On October 16, new requirements under the Telephone Consumer Protection Act (TCPA) will take effect. The TCPA, first enacted in 1991, prohibits companies from contacting consumers over their cell phones using automated dialing technology or pre-recorded/computerized messages. The new requirements will help protect customers from unwanted telemarketing and make the Federal Communication Commission’s rules consistent with the Federal Trade Commision’s analogous Telemarketing Sales Rule.
The new requirements will help protect customers from unwanted telemarketing.
Most of the changes have been made to already existing “consent regulations.” Now, the FCC will require prior written consent for auto-dialed messages or marketing calls/texts made to any cell phone or residential landline. Written consent will now require full disclosure on behalf of consumers that they will receive auto-dialed/pre-recorded calls or texts from a specific seller, and the consumer must acknowledge they have been informed of the consequences relating to consent and have agreed to receive such calls.
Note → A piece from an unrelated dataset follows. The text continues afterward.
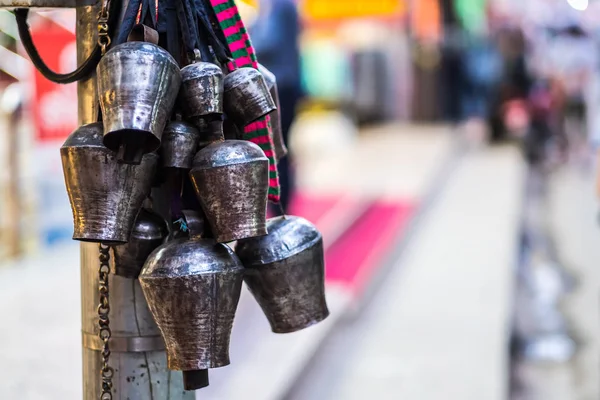 Металлические колокола висят в буддийском храме — стоковое фото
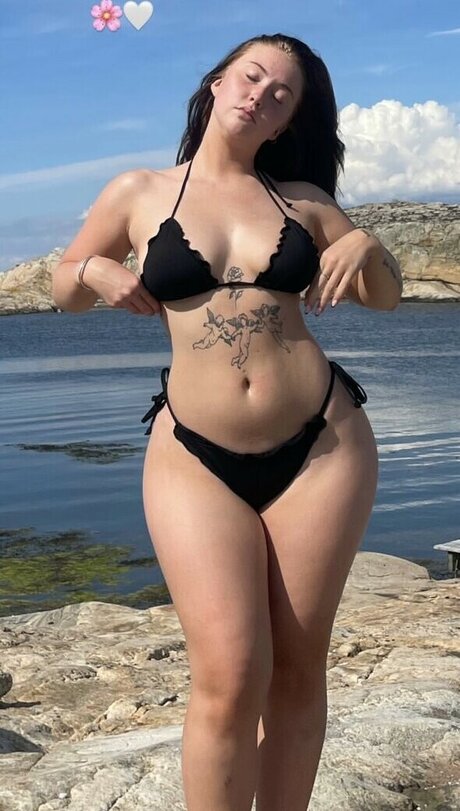 Tilde M llergren 写真集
In addition, companies cannot force consumers into consent by requiring consent as a prerequisite to purchasing any goods or services. The FCC will not be offering a “grandfathering” option, so companies may have to gain newly written consent from existing users or subscribers even if they have previously expressed consent.
Recently, numerous class action suits have been filed over violations of the TCPA. Earlier this year, a class action suit filed against DirecTV alleged that the company contacted consumers’ cell phones and used pre-recorded messages to offer their satellite television services. When Bank of America faced six class actions over similar allegations earlier this year, they proposed a $32 million settlement to resolve the suits. The TCPA currently allows damages of $500 and $1,500 per negligent or willful violation of the act, respectively.
The newly enacted regulations, in placing a far greater burden on companies and requiring much more specific wording, are designed to protect users’ privacy. Considering the already high number of TCPA cases filed annually, it seems likely that courts will soon find themselves bombarded with a greater number of cases than ever before as companies adjust to the new requirements.